I'm just wondering what else needs to happen to the decent, law-abiding, hard working people of this nation to finally tip them over the edge.

Wacky politics (helped by the agenda-driven biased media), revenue generation under the overused excuses of safety and the environment, and sub-standard / inadequately tested / poorly thought out technology has allowed criminals and downright evil people do whatever they like without punishment whilst good people get a kicking when they don't deserve it!

   on 20 August 2019

I remember a report a few years back about speeding cameras. I can't fully recall the figures now but it was something like 25% of the number plates were either found to be cloned or simply had no registered keeper. So the law abiding (apart from speeding I suppose) owners got fined but when asked what happened about the others the police replied "Oh, we bin them". So, as always, the law abiding suffer and the criminals don't. Twas ever thus!

CanAmSteve    on 20 August 2019

Th eDVLA's failure to fix the huge loophole of how numberplates are made available encourages this issue. No other jurisdiction fobs off numberplate creation and distribution to myriad third parties. I just ordered replacement plates from Ireland with absolutely no check of logbook details. It's a farce

999pez    on 21 August 2019

Yes it's too easy to buy plates. I bought a replacement plate from Ebay and the seller put in the text that I would need to supply a copy of the V5 but they never asked for it.

madf    on 23 August 2019

Simple solution :ALL cloned cars are seizes and crushed with drivers inside.

Chris C    on 23 August 2019

Bring back the tax disc (IMO this has contributed a lot to the increase in cloning) but with a hard to copy/forge hologram or similar. And devote some of these mythical extra 20,000 police to doing something about it. Don't crush a cloned car - chances are it's stolen and should be returned to its original owner/resold to reduce insurance premiums.

Edited by Chris C on 23/08/2019 at 22:47

SteveLee    on 25 August 2019

This article is obviously bunkum because New Labour made undocumented licence plate manufacture illegal - obviously criminals and speed camera evaders wouldn't dream of obtaining number plates from undocumented sources or even (gasp) make the 'plates themselves - let alone thinking of stealing registration plates off of the original vehicles in the first place.
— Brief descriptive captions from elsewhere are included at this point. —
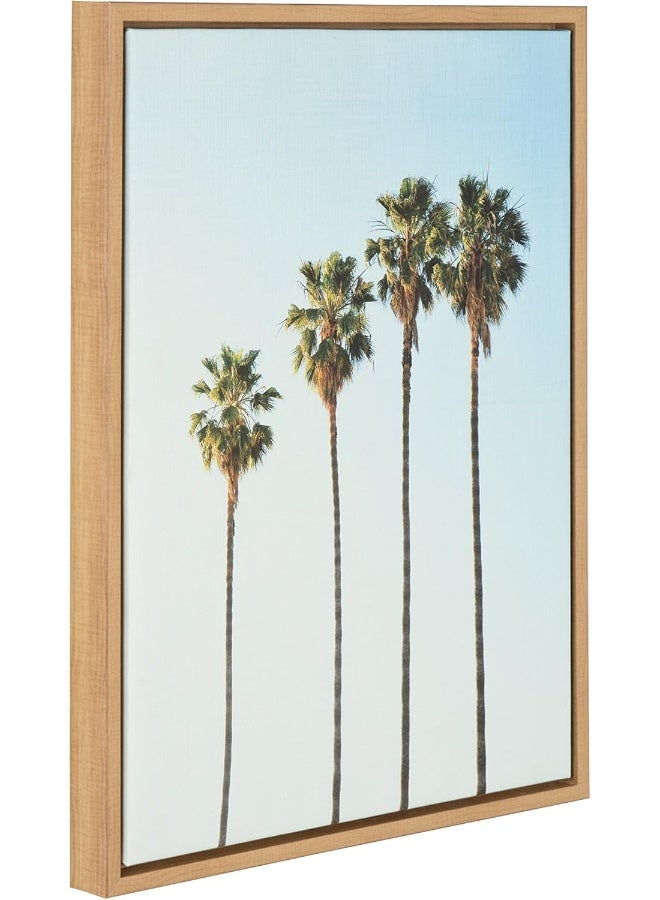 Kate and Laurel Kate and Laurel Sylvie Four Palm Trees Framed Canvas Wall Art by Simon Te of Tai Prints 18 x 24 Gray Coastal BeachInspired Home Dcor  - Image 5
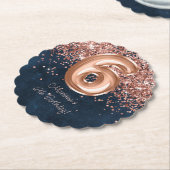 Roos Gold Navy Blue 6e verjaardagsfeestje Kartonnen Onderzetters (Gekanteld)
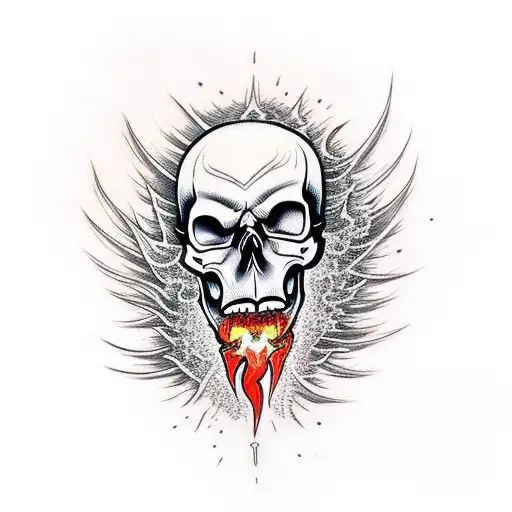 Screaming Skull On Fire With Engine Parts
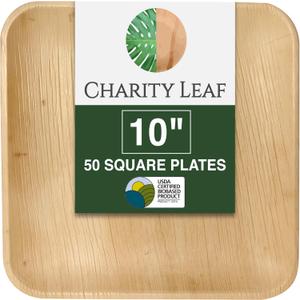 Charity Leaf Compostable 10" Square Palm Leaf Dinner Plates (50-pack) | Premium, 100% Natural, Disposable, Heavy Duty | Perfect for Parties, Weddings & Catering Events
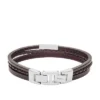 Bracciale multi-filamento in pelle marrone Townsman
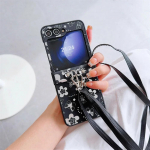 Liblika Lille PU Nahast Ristkandmiskaelapaelaga Telefoni&uuml;mbris Samsung Galaxy Z Flip 6 5 4 3 5G jaoks, Hingekaitse, P&otilde;rutuskindel Kate For Galaxy Z Flip 4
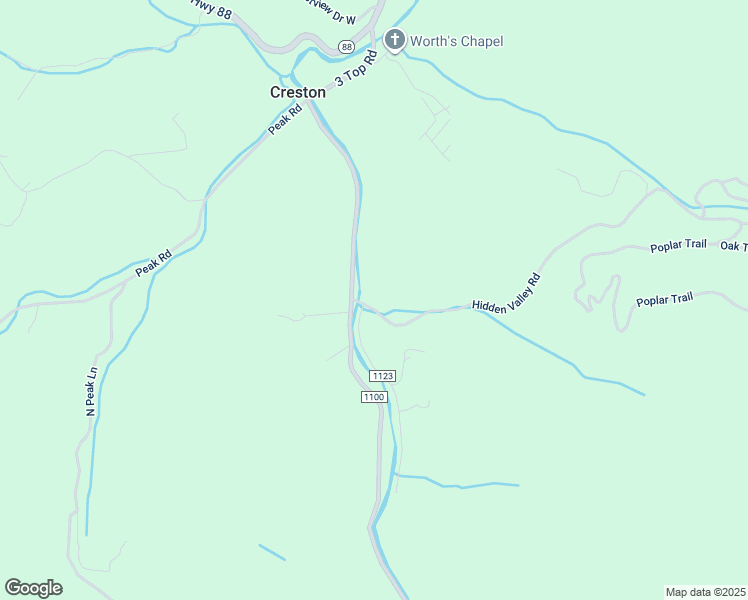 map of restaurants, bars, coffee shops, grocery stores, and more near 135 Hidden Valley Road in Creston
Modern governments of all shades have given up fighting what they regard as "trivial" or "low-level" crime - the reason? (cynical mode) It's blooming good for tax receipts - damn the taxpayers. Low level crime means windows need fixing/replacing (kurchinnngg), new cars sold to replace stolen ones (kurchinnngg), vandalised property requires repairing (kurchinnngg) - new mobile phones sold to replace stolen ones (kurchinnngg), (taxed) insurance premiums rise (kurchinnngg) - why would any of our recent globalist, career-politician governments spend some of our money on reducing crime or (god forbid) locking up persistent "petty" criminals to protect the taxpayers they're supposed to represent, when they can use our cash to virtue signal by giving billions away as foreign aid? Much better value in the social media era donchathink?

David Chinchen    on 20 October 2019

Really concerned at the growth in vehicle cloning. Needs some proper research and practical detection options urgently. It appears to me that no one is gripping this. We are talking about a growing number of uninsured, un-taxed, stolen vehicles being driven with little possibility of detection. Assuming that plates are stolen in one place for use on a clone in another place, it should only take a system of mandatory reporting by Councils to the DVLA for failed PCNs (confirmed clones) to place a marker on the index specific to hits in a certain area. This would remove risk to the genuine owner and increase the likelihood of the clone being stopped using fixed and mobile ANPR.